CH: We met in Hoa Nguyen’s workshop here in Austin, an incredibly rich environment. In what other ways have you nurtured yourself as a writer since finishing your MFA?

CS: In Kalamazoo, I was nurtured by such a rich community of writers. I was nervous about finding and meeting other writers in Austin outside of the university. At some point, probably as AWP, I picked up some beautiful chapbooks from Effing Press and shortly before moving, I saw that they were based in Austin so I emailed the editor, Scott Pierce. Right away, he asked me to give a reading with some other poets at 12th Street Books. There I met poets Hoa Nguyen, Dale Smith, the artist Philip Trussel, and later Farid Matuk, Susan Briante and Kyle Schlesinger, all of whom very much influenced have influenced my work. When many of those writers left Austin, I started a reading series, Fun Party, with Dan Boehl and I published an art and poetry publication called Headlamp as a way to keep myself connected to the writing community.

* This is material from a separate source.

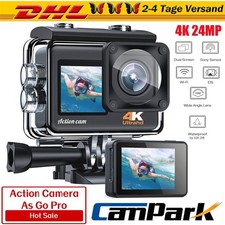 Action Cam 4K 20MP WiFi 40M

CH: What role does poetry take in your work as a teacher? Is it something your students resist? Embrace?

CS: Honestly, I think my students like poetry because they know I love poetry so much. I teach wonderfully open-minded and open-hearted teenagers, and when I am passionate about a text, they are excited about it too

CH: Who are some of your favorite poets? What’s the most recent book of poetry you’ve read?

CS: Favorite poets: Frank O’Hara, Brenda Coultas, Mary Ruefle, Frank Stanford, Jack Spicer, Kate Greenstreet, Alice Notley, James Schuyler and all of my friends. I often wonder how I have come to know so many amazing writers. I recently read two books: Night Sky with Exit Wounds by Ocean Vuong and The Market Wonders by Susan Briante, both books I admire.